Rent recovery is possible by invoking the CloseAccount instruction. CloseAccount permanently closes an account that is no longer needed and refunds the rent exempt deposit to a designated wallet. This mechanism can be used not only to clean up zero balance ATAs, but also to close many other types of accounts: NFT metadata accounts, OpenBook market related accounts that remain idle due to unfilled orders, empty staking accounts, domain accounts, and more. As noted earlier, rent is priced proportional to the account's data footprint, so closing complex, large on chain accounts such as OpenBook market accounts can sometimes return much larger amounts than closing standard ATAs.
The issue is that most everyday users do not understand the rent model or how to recover it. Many users do not even realize that small amounts of SOL were deducted as rent during transactions. If they sell all of a token and their wallet balance for that token becomes zero, it is natural to assume the account has effectively ended its life. As a result, users often remain unaware that part of their assets is still sitting on the network as a deposit. Unless CloseAccount is executed, that value is effectively stranded indefinitely.
Paradoxically, this lack of awareness and the friction in manual recovery became a business opportunity for new services within the Solana ecosystem.

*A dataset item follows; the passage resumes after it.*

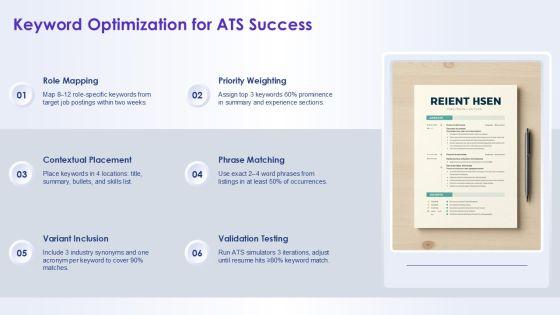 Self Creative Resume Template For Resume Building PPT Summary VM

One common pattern for DApp success within a protocol is the emergence of applications that remove painful UX. Solana's rent model created exactly this kind of opportunity. Users can recover their deposited SOL by closing accounts, but many were unaware of the rent concept in the first place, and even those who knew often found the claiming process inconvenient.
Source: Sol Incinerator
The Sol Slug team launched Sol Incinerator in 2021, enabling users to recover locked up SOL deposits by simply connecting a wallet and cleaning up unnecessary accounts. The app offers two main functions depending on whether the target token account has a remaining balance.
Zombie ATA cleanup: It identifies zombie ATAs that remain active even though their utility is gone and their balance is zero. By closing these accounts and freeing storage, it executes immediate rent recovery.
Malicious asset burn and account cleanup: It handles spam tokens or rug pull NFTs that still have a balance but no market value. It permanently burns these assets to reduce the balance to zero, then closes the ATA in a single flow to recover rent.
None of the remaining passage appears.